Google's vulnerability research team Project Zero has disclosed three zero-day flaws on Apple's OS X platform, hot on the heels of similar disclosures for Microsoft's operating system.

Earlier this month the Google researchers published details of a zero-day vulnerability in Microsoft's Windows 8.1 platform that they had discovered three months earlier, a controversial policy that has raised the ire of security researchers.
Independent researcher Graham Cluley, formerly of security vendor Sophos, condemned Google's publication of the zero-day exploits as schoolboy antics.
"Isn’t it about time they grew up, and acted responsibly for the safety of internet users?" Cluley wrote, adding that Google's own Android operating system had several unpatched flaws.

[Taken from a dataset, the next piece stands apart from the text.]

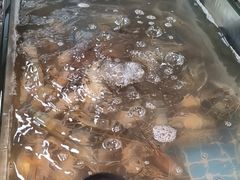 -争先鲜·蒸汽海鲜自助·鲜切牛肉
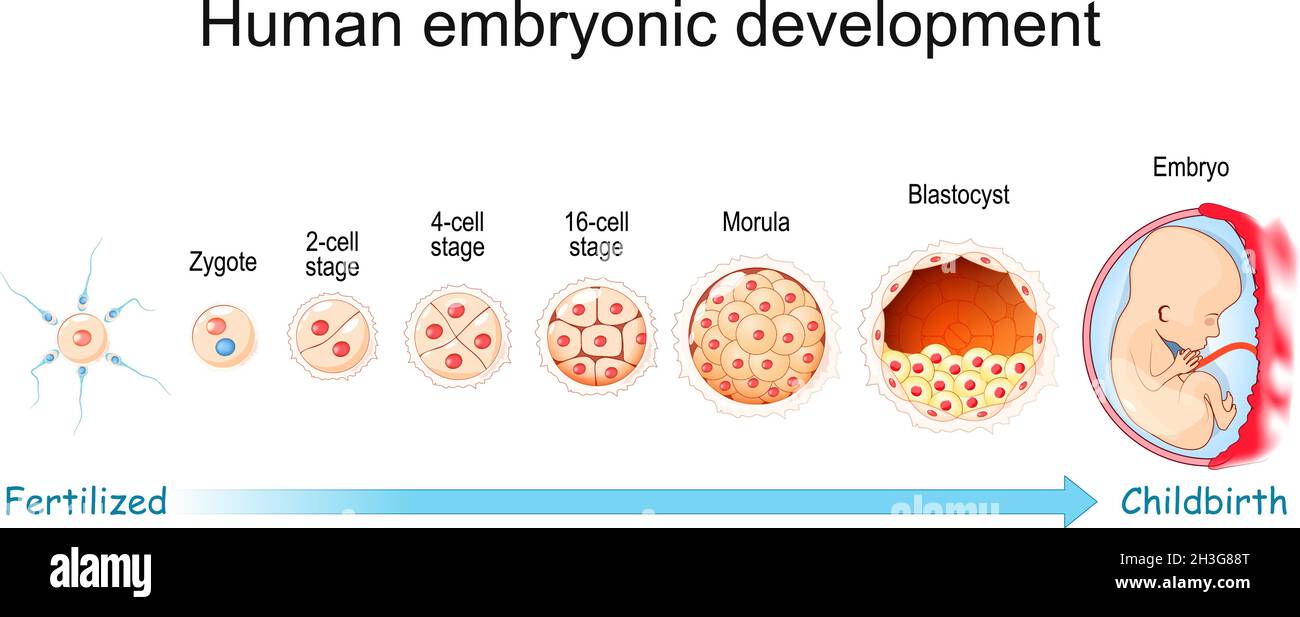 Human embryonic development. From Fertilization to Childbirth. Zygote, Morula, Blastocyst and Embryo stage. Vector poster for education and medical Stock Vector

Over the past two days, Project Zero has published details of three OS X vulnerabilities the team rated as high severity.
The researchers said the three flaws all require an attacker to have some level of access to a target machine.
But the team warned that combined with a separate attack, the vulnerabilities could be exploited to elevate privileges and gain system-wide access on vulnerable Macs.
Google said the vulnerabilities - for which it has provided proof-of-concept exploit code - had been reported to Apple at the end of October last year, as per Project Zero's three-month timeline for reporting of vulnerabilities.
The first flaw allows an attacker to pass arbitrary commands to the networkd OS X system daemon because it does not check its input properly. The severity of the flaw is exacerbated because networkd runs as a privileged account and therefore has system-wide access.
The second and third flaws both relate to OS X's low-level I/OKit kernel framework.
One gives local users who can execute code on an OS X machine root or superuser access through null pointer dereferencing, allowing privilege escalation.
Another gives an attacker the ability to write into kernel memory, potentially allowing them to crash systems or access private data.
Apple declined to comment. A spokesperson directed iTnews to a page on the company's website which states Apple does not "disclose, discuss or confirm security issues until a full investigation has occurred and any necessary patches or releases are available".